* [Input data]
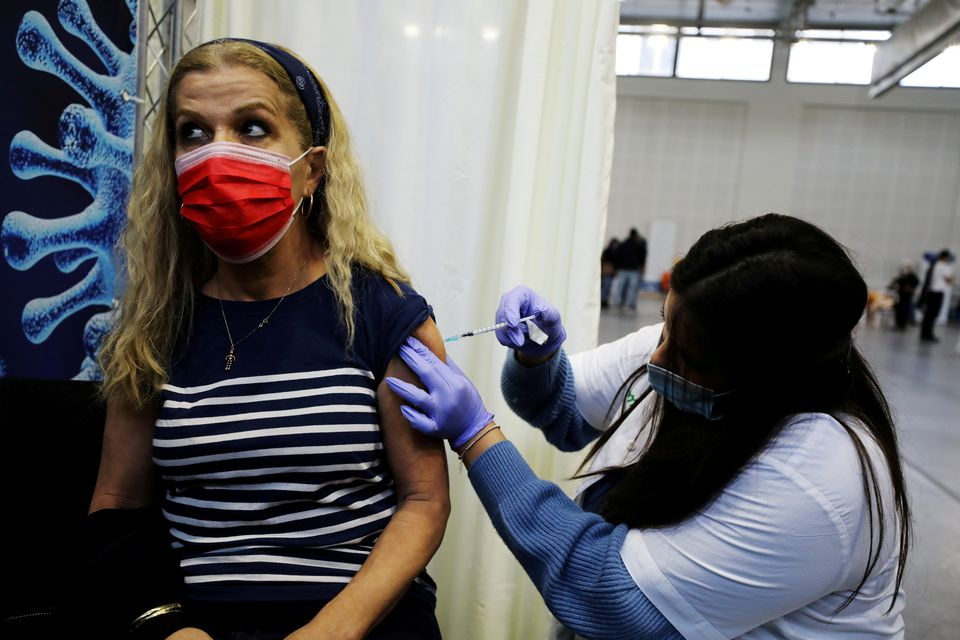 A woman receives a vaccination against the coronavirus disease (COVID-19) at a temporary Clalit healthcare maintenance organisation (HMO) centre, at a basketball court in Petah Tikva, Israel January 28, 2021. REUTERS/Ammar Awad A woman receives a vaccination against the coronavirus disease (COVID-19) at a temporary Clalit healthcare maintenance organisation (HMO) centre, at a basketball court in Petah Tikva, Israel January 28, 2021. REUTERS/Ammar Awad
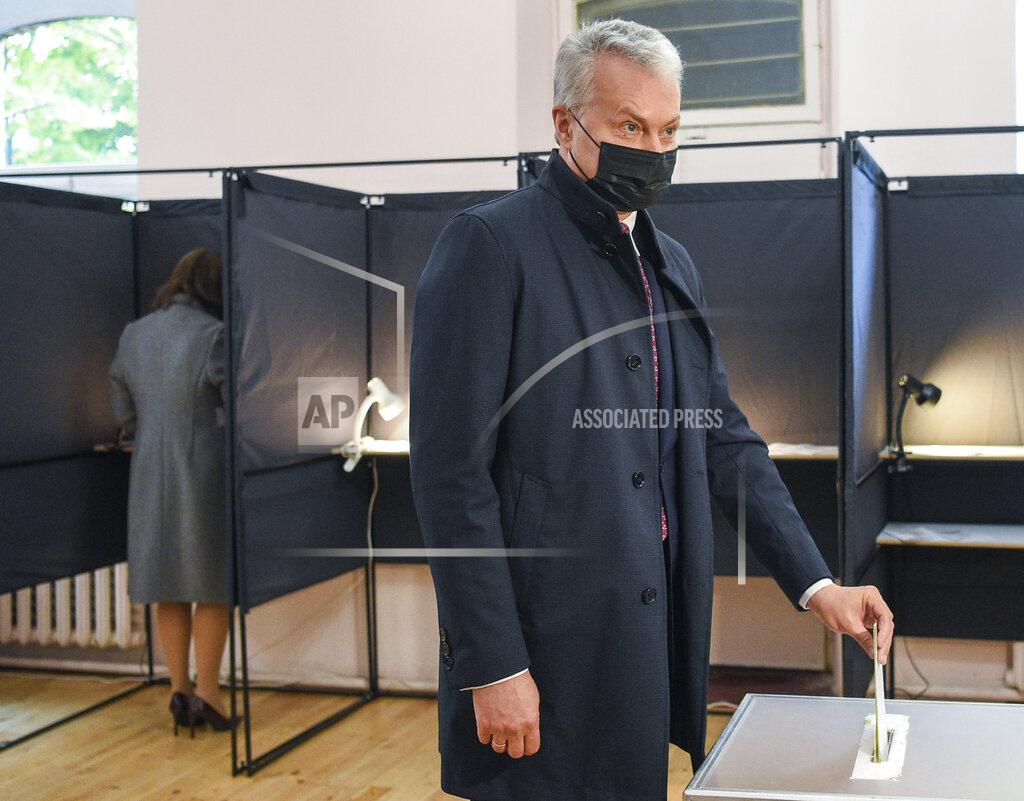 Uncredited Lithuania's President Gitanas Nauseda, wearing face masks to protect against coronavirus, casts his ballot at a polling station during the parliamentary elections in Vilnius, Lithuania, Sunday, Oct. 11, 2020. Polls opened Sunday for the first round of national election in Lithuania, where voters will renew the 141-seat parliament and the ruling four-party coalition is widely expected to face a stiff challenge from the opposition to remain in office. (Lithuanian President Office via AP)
...
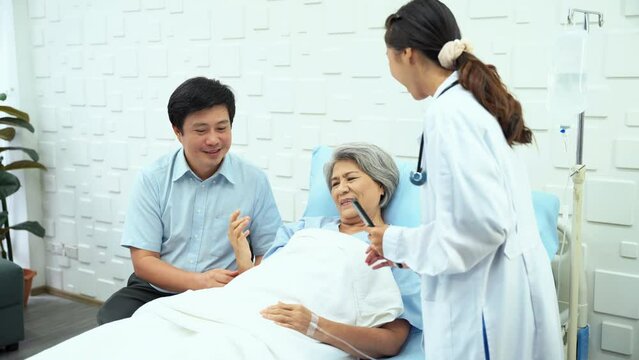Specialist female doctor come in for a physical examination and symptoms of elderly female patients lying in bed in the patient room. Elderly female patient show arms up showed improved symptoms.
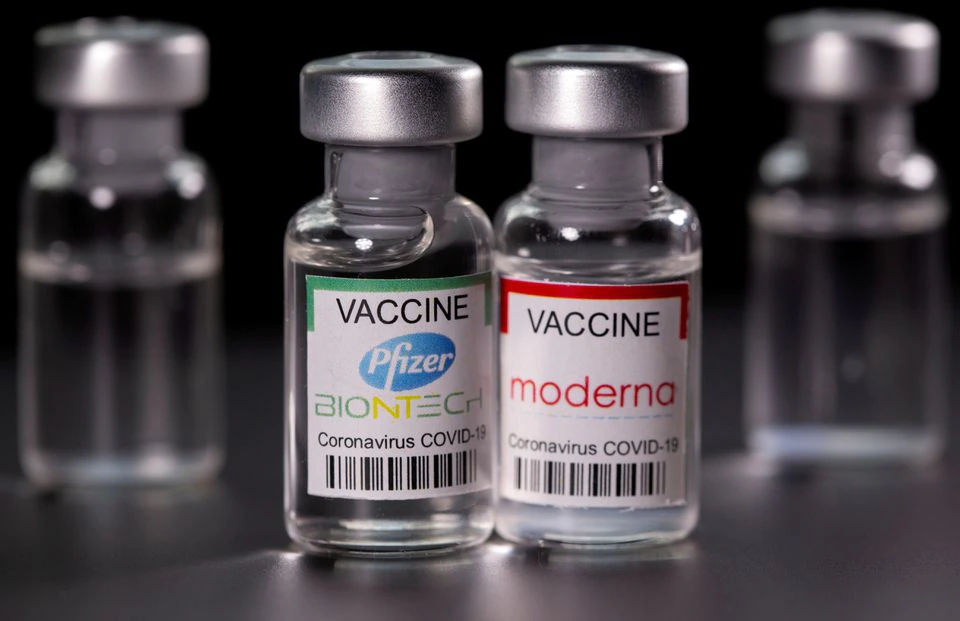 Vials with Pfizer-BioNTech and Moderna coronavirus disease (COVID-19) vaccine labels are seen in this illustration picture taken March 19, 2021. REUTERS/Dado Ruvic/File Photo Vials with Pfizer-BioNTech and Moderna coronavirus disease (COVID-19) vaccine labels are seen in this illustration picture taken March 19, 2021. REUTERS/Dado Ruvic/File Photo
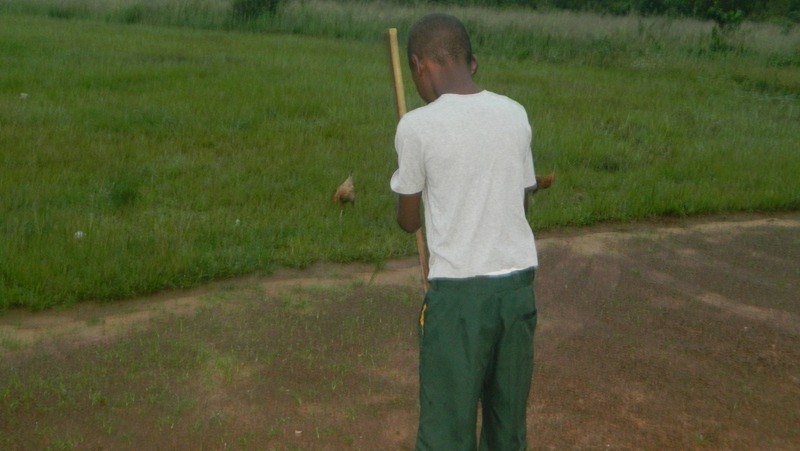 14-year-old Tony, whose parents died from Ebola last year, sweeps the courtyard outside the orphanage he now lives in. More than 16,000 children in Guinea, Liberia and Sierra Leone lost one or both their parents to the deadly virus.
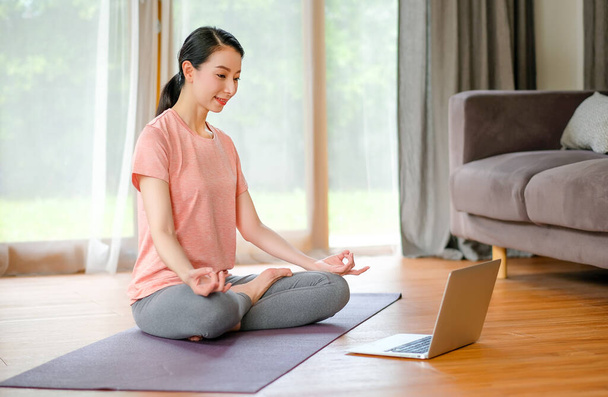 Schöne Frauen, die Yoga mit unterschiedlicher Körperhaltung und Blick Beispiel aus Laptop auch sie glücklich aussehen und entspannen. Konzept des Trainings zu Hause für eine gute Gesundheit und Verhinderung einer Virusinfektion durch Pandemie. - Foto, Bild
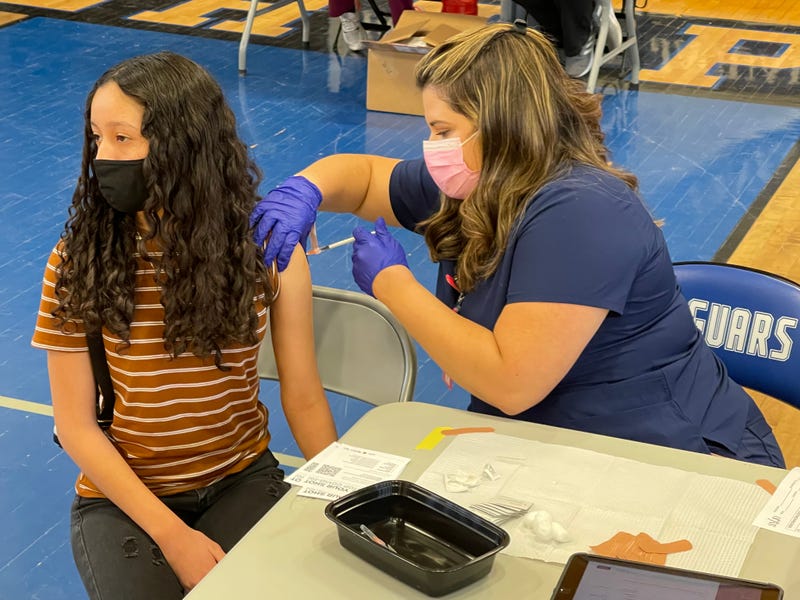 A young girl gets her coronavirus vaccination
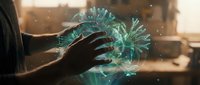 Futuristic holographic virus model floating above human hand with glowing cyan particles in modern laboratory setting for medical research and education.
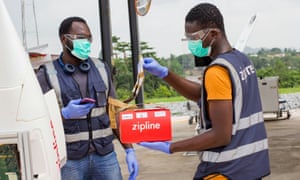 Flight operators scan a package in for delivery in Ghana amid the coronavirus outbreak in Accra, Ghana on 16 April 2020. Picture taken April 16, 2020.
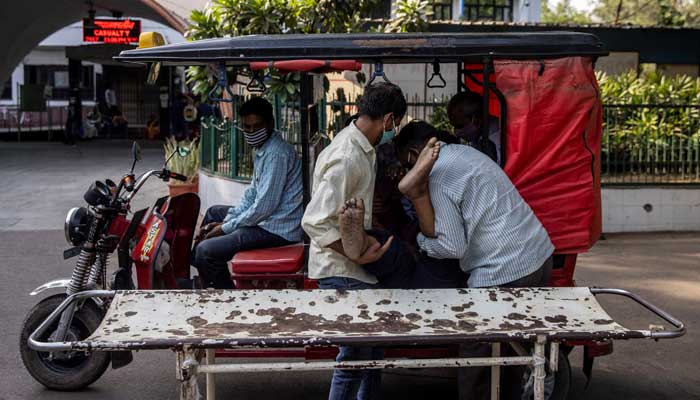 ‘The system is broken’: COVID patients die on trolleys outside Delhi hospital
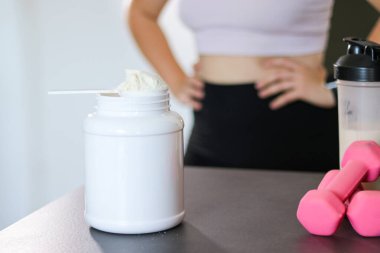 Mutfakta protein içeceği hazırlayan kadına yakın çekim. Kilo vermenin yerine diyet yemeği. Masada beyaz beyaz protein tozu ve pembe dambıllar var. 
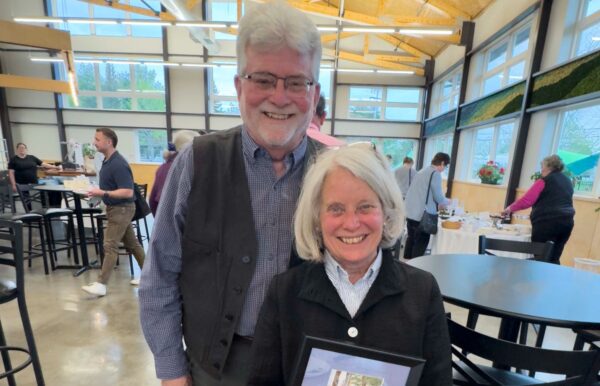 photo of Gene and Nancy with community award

* [What is required]
Give back exactly the lines above from the one with "A young girl" through the one with "photo of Gene and Nancy with community award", both included. Pictures don't belong in the copy.

* [The answer]
 A young girl gets her coronavirus vaccination
 Futuristic holographic virus model floating above human hand with glowing cyan particles in modern laboratory setting for medical research and education.
 Flight operators scan a package in for delivery in Ghana amid the coronavirus outbreak in Accra, Ghana on 16 April 2020. Picture taken April 16, 2020.
 ‘The system is broken’: COVID patients die on trolleys outside Delhi hospital
 Mutfakta protein içeceği hazırlayan kadına yakın çekim. Kilo vermenin yerine diyet yemeği. Masada beyaz beyaz protein tozu ve pembe dambıllar var. 
 photo of Gene and Nancy with community award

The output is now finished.